• TASK DESCRIPTION
Below are some entries. Work out how many of their lines hold the word "Hoodie", and write that number alone.

DATA FOR THIS TASK Block Start

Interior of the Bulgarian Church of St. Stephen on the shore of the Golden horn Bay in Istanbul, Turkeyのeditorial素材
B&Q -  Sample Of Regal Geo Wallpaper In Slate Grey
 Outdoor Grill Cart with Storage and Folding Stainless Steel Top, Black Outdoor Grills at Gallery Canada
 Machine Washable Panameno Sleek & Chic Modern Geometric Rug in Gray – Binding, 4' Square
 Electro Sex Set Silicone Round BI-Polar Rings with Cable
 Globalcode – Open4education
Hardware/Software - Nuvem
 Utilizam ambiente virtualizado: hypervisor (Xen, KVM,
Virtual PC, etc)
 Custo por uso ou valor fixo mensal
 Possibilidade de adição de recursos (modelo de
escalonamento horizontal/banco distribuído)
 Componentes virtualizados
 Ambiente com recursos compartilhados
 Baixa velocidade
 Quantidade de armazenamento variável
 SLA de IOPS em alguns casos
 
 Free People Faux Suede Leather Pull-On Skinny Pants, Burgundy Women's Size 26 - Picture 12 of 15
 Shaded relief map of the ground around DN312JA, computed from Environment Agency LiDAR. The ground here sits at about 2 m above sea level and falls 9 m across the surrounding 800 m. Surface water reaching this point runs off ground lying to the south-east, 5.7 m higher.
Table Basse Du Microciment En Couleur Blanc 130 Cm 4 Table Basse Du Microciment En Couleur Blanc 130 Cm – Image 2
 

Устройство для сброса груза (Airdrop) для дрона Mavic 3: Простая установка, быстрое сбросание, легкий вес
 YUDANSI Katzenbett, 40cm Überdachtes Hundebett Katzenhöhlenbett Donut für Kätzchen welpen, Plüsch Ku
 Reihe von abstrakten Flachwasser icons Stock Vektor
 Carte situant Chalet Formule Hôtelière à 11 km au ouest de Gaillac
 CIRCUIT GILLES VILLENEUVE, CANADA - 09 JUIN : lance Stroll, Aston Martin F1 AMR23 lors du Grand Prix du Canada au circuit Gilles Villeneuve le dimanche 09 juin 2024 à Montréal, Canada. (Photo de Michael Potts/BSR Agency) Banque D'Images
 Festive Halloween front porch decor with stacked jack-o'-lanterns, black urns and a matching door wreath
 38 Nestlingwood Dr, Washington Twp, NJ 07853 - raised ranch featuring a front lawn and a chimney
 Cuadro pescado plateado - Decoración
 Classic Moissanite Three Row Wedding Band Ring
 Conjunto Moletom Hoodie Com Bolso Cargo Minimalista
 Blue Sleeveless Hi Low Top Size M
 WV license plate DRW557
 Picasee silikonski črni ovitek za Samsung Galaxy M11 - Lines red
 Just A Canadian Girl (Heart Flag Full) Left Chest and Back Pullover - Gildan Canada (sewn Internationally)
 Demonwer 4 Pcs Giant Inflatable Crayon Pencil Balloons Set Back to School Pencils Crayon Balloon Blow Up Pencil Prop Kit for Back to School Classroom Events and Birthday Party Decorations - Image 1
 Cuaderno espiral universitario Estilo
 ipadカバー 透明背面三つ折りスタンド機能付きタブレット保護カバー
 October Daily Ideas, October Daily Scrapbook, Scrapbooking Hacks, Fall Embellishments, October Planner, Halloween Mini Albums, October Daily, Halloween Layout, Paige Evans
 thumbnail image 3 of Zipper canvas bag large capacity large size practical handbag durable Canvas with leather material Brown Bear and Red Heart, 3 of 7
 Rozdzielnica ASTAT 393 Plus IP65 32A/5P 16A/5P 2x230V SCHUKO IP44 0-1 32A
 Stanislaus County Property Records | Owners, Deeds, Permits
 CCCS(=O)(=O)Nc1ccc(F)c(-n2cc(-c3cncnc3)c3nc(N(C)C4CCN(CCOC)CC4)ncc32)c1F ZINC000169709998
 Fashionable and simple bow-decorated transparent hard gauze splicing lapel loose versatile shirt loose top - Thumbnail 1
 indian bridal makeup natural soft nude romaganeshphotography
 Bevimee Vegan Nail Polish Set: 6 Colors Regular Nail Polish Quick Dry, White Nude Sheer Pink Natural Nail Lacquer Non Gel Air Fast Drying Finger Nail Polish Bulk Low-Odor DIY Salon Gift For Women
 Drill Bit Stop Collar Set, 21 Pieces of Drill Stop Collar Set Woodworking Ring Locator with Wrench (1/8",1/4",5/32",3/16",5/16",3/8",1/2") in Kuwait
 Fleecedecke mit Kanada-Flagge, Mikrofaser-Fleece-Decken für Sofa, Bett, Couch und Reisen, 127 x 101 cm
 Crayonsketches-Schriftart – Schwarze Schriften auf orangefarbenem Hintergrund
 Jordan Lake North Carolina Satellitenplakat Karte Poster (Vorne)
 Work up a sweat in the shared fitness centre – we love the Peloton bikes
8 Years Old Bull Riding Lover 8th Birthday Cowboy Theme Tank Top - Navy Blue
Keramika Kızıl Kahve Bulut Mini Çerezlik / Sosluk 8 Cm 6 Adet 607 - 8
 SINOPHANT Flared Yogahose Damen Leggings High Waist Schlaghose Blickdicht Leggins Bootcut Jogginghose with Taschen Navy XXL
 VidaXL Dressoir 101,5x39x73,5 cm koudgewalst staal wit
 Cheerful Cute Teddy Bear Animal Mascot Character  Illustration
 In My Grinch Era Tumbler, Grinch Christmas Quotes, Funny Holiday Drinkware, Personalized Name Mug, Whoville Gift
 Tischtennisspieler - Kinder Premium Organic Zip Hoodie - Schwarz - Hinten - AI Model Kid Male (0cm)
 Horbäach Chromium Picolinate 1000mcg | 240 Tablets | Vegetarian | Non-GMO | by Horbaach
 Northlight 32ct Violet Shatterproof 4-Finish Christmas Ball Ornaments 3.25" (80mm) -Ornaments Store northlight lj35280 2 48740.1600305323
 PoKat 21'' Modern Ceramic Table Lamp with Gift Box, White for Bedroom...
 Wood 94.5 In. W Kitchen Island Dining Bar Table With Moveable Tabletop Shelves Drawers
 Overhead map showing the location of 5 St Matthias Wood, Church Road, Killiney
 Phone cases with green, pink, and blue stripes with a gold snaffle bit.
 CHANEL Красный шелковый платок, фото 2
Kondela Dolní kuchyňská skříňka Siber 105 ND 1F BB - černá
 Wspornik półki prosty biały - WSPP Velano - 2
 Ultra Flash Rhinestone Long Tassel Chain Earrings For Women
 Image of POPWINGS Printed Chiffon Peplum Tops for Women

DATA FOR THIS TASK Block End

• TASK RESPONSE
2